嘉庆二十二年丁丑夏四月壬午,四坊交界处十字街头火烧店铺六十余间。
嘉庆二十三年戊寅春三月癸丑,西定坊天后庙火。
道光元年辛巳秋九月己巳,西、北两坊交界处大井头火延各街头,烧店铺百余间。(道光九年十月十五日陈国瑛采)
黄元朝,台湾县新化里民也,妻余氏,嘉庆十四年间,一产三男,现已二十一岁。(道光九年十月二十日苏德纯、苏凤翔同采)
道光三年癸未春正月甲寅初三夜地大震。(道光九年十二月初五日杨文显、蔡国香同采)
兵燹
嘉庆十年乙丑冬十一月二十四日,海逆蔡牵由沪尾入踞鹿耳门。十二月二十四日,浙闽水师提督李长庚统舟师至鹿耳门,困蔡牵。十一年丙寅二月,蔡牵逸去。三月初一日,广州将军赛冲阿自江西道中奉旨剿贼,入城。五月,蔡牵再来,复逸。十三年戊辰,以王得禄提督浙闽水师。十四年己巳八月十八日,追击于黑水外洋。蔡牵落海死。
蔡牵,泉之同安人。初佣工自食,继为寇,出没海上,遂成巨憝,为浙、粤、闽三省大患。其来台湾,入鹿耳门,始嘉庆五年,越九年四月,又至。乘雨登岸。北汕炮不得发。戕游击武克勤,仍罄商船所有而去。是年十一月继至。十年二月去。四月再至。皆不惜重赀与山贼洪四老等联络声势,辗转招致,而船中被掳稍知书之徒,又以天时、人事散布谣言。于是,蔡牵伪造逆示,自称「镇海威武王」。于十一月起事。沪尾署都司守备陈廷梅,与战不利,死之。伤前淡防厅同知胡应魁。十有七日,郡城得报戒严。十八日,总镇爱新泰提兵援台北。翌日,知府马夔陛同往援,而蔡牵自至沪尾,即遣其党径至凤山,或由东港,或趋旗后港,凤山贼吴淮泗首应之。巡道庆保乃檄台防厅钱■〈雨上澍下〉于二十一日率把总曾瑞、王正华等,领县勇、屯番往援。蔡牵以二十四日入鹿耳门。二十七日爱总镇归保郡城。马知府留守嘉义,而大小槺榔、咸水港、萧垄、北埔诸庄山贼俱起。署千总陈安、陈登高等往御。十二月初一日,遇贼于木栅,杀义首陈凤,黄兴被掳,杀于船。陈安伤回,贼进据洲仔尾。自是南北路声息不通。

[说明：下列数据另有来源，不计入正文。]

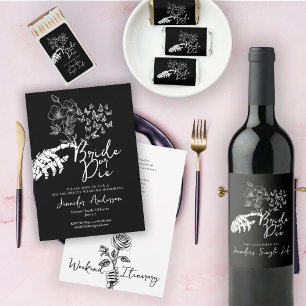 Bachelorette Party Gothic Floral Bride or Die  Sparkling Wine Label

台湾令薛志亮,乃屏舆从,自海口入武馆街,开诚申大义劝众。岁贡生韩必昌、陈廷璧等首率众领义旗于令(?),计得义首二百五十人,义民逾万,巡道先遣岁贡生游化往东路,和闽粤庄,再于海口添设木城,起小西门,越大西门,迄小北门,计千二百丈,成以三日夜,费白金六千有奇。从三郊总义首布司经历衔陈启良之请也。先是,凤山失守,巡道命守备陈名声假游击三品顶戴以行,比至而同知钱■〈雨上澍下〉及凤山令吴兆麟已遁入粤庄。嗣陈名声亦收兵至,同知等因共谋回埤,既行,十一月二十九日粤兵送至淡水溪南止,吴令过溪为前队,突遇贼击之,后队同知军药桶火遽发,队乱,贼截杀吴令于砖仔窑庄。同知须眉尽烧,仅以身免。与陈名声入处粤之内埔庄。南路贼陈捧、叶豹、黄灶、李琏、卢童平等,遂率党攻游击吉凌阿于楠梓坑。时,凌阿援凤山,屯兵在此仅三百人,屡败贼,会粮尽,凌阿以计拔营归。比贼觉,已入郡城矣。

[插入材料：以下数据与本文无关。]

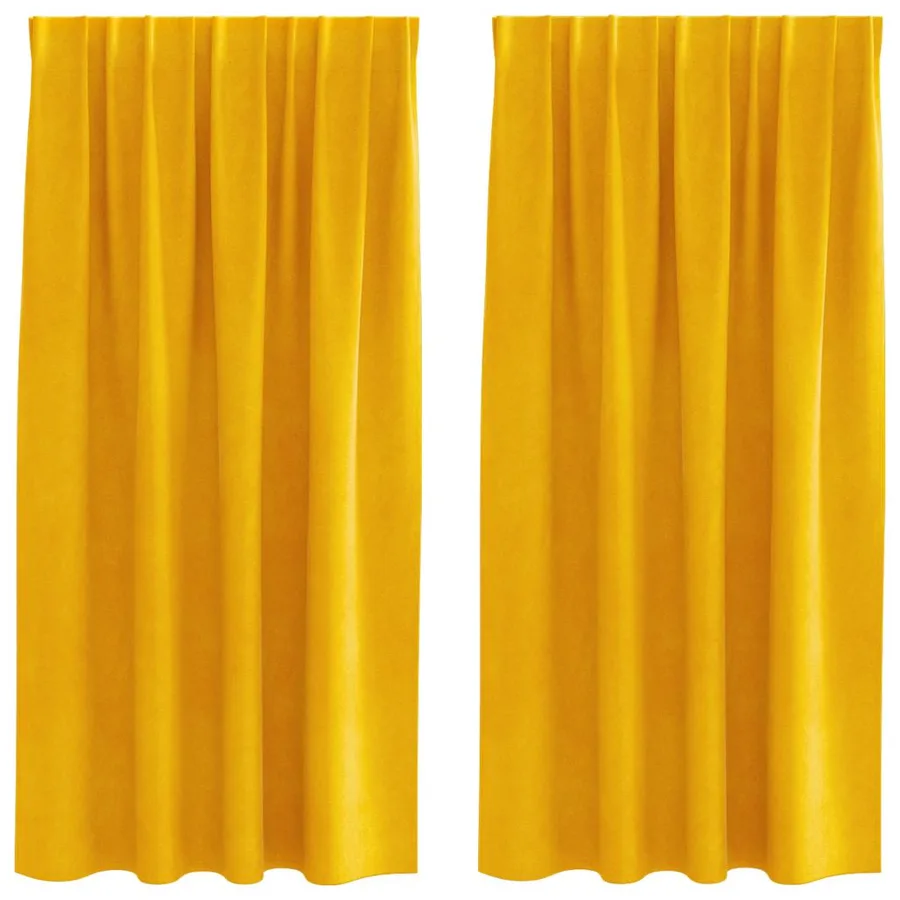 Rideaux occultants 2 pcs Jaune moutarde 140 x 175 cm Velours - 2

蔡牵在沪尾速于登岸,独至郡城观望,踞舟中旬日不出。至十二月初五日,始出攻安平。初六日攻郡城。而郡城奉道檄备战守器械,增设栅门,内外布置亦渐以周密。惟变乱初经,民心惶惑。是日,贼既退,附郭居民挈家入城哄动,城门内外咸罢市。一日中数传贼入城。守城门官,有私易服散去者。守西关木城陈鸿禧,镇稿房鸿猷之弟也。鸿猷有异志,欲召禧以乱军心。诡言于总镇,急召入,天色晚,禧出不意,与众争赴城门,军装尽失。迨郊民男妇扶老携幼至,已闭不得入,相与哭,拥街衢,继喧传贼入木栅门,海口陷,益惶恐不知所为。都司许律斌屯兵草藔后;三郊总义首陈启良,探知木栅门扃锁如故,乃以三十兵请于都司,复与义首郭振春等分鸠义民八十名,协守木城,毕,即偕洪秀文夜启关,入白巡道。巡道急请总镇,鸿猷惧,遣禧出,赴木城,而所遗军装得通贼白旗,乃治鸿猷罪。巡道因是内防益密。自移镇城南,痛自抑损,收纳群策,城门渐次闭塞。惟开大西门,以通郊民。城坊栅门,轮夜固守。荒堆隘巷,严防放火。城上下巡行络绎,街市列炬夜明如昼。奸细虑无所容,卒不敢动。山贼逢三、六、九日必攻城,或连日出攻,俱以大炮击退。二十四日总镇会营分路出哨失利,贼杀千总薛元勋、总镇被困,吉凌阿趋至力救出。会浙闽水师提督李长庚统舟师至,困蔡牵于鹿耳门。二十五日,官军再出哨,把总郭建生伤亡。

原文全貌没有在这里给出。